Survey Data

Reg No

20823028


Rating

National


Categories of Special Interest

Archaeological, Architectural, Artistic, Historical, Social


Original Use

House


In Use As

House


Date

1540 - 1560


Coordinates

210145, 78124


Date Recorded

21/03/2007


Date Updated

--/--/--


Description

Detached triple-gabled six-bay three-storey house, built c. 1550, having porch-oriel to front and dormer windows to rear. Oriel window to south elevation. Pitched slate roof with rendered chimneystacks. Roughcast render over rubble sandstone masonry walls. Rendered pediment to oriel over porch. Square-headed openings having sash windows to gables, second floor, and bipartite sash windows to first and ground floors. Round-headed opening to oriel over porch flanked by four-over-four pane timber sliding sash windows. Oriel window to south having six-over-six pane timber sliding sash windows. Round-headed window to rear with spoked fanlight. Round-headed door opening to porch. Two-storey outbuilding to south having oriel window to south elevation.

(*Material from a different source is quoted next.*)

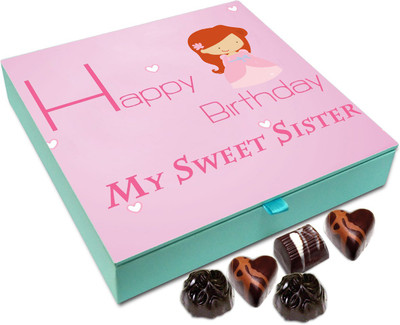 

Chocholik Gift Box - Happy Birthday My Sweet Sister Chocolate Box - 9pc Truffles(108 g)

Pitched slate roof with weather vane and rendered chimneystacks. Roughcast render over rubble sandstone masonry walls. Square-headed openings having casement windows. Casement windows and metal roof to oriel. Pair of square-profile rendered piers with double leaf timber gates and pedestrian entrance to west.

Appraisal

Traditionally the home of Sir Walter Raleigh, a former Mayor of Youghal, this house is a rare example of an unfortified sixteenth century Irish house to have survived with much of its original form intact. The house was renovated in the eighteenth and nineteenth centuries yet it retains its original character and some interior features, which may date back to the 1580s. The building’s Tudor features are characterized by the steep gables and tall chimneys. There are many legends associated with the house, it is purported that the first potatoes in Ireland were planted in the gardens of Myrtle Grove, and it is possible that the house witnessed the beginning of tobacco smoking in Ireland. The poet Edmund Spenser, a contemporary of Raleigh's, is said to have been inspired to write the "Faerie Queen" while looking out the window of Myrtle Grove.